• **Short web captions**:
===

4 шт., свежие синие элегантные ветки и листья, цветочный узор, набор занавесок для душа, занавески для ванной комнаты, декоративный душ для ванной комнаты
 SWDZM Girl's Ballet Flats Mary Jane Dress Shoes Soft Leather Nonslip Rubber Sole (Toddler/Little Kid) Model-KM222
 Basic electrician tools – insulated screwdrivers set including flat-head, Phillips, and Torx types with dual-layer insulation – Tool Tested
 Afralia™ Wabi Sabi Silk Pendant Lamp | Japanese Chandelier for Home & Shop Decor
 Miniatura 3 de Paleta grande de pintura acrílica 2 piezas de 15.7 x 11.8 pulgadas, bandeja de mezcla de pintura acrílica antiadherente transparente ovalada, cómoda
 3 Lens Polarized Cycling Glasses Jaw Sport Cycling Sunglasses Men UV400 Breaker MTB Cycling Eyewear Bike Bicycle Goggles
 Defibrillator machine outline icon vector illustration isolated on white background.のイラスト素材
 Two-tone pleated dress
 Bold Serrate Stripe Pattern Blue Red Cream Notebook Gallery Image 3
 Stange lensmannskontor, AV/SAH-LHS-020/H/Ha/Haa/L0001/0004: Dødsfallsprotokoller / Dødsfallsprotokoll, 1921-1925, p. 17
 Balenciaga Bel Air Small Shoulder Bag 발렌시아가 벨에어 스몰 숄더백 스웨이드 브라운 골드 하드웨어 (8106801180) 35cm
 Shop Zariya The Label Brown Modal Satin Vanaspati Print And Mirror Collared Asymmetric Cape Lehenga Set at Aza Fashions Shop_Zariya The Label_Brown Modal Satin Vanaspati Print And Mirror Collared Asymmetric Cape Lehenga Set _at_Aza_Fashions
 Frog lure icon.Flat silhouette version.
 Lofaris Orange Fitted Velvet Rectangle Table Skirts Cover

===

• **Work order**:
Restate the whole of the data exactly.

• **Solution to this problem**:
4 шт., свежие синие элегантные ветки и листья, цветочный узор, набор занавесок для душа, занавески для ванной комнаты, декоративный душ для ванной комнаты
 SWDZM Girl's Ballet Flats Mary Jane Dress Shoes Soft Leather Nonslip Rubber Sole (Toddler/Little Kid) Model-KM222
 Basic electrician tools – insulated screwdrivers set including flat-head, Phillips, and Torx types with dual-layer insulation – Tool Tested
 Afralia™ Wabi Sabi Silk Pendant Lamp | Japanese Chandelier for Home & Shop Decor
 Miniatura 3 de Paleta grande de pintura acrílica 2 piezas de 15.7 x 11.8 pulgadas, bandeja de mezcla de pintura acrílica antiadherente transparente ovalada, cómoda
 3 Lens Polarized Cycling Glasses Jaw Sport Cycling Sunglasses Men UV400 Breaker MTB Cycling Eyewear Bike Bicycle Goggles
 Defibrillator machine outline icon vector illustration isolated on white background.のイラスト素材
 Two-tone pleated dress
 Bold Serrate Stripe Pattern Blue Red Cream Notebook Gallery Image 3
 Stange lensmannskontor, AV/SAH-LHS-020/H/Ha/Haa/L0001/0004: Dødsfallsprotokoller / Dødsfallsprotokoll, 1921-1925, p. 17
 Balenciaga Bel Air Small Shoulder Bag 발렌시아가 벨에어 스몰 숄더백 스웨이드 브라운 골드 하드웨어 (8106801180) 35cm
 Shop Zariya The Label Brown Modal Satin Vanaspati Print And Mirror Collared Asymmetric Cape Lehenga Set at Aza Fashions Shop_Zariya The Label_Brown Modal Satin Vanaspati Print And Mirror Collared Asymmetric Cape Lehenga Set _at_Aza_Fashions
 Frog lure icon.Flat silhouette version.
 Lofaris Orange Fitted Velvet Rectangle Table Skirts Cover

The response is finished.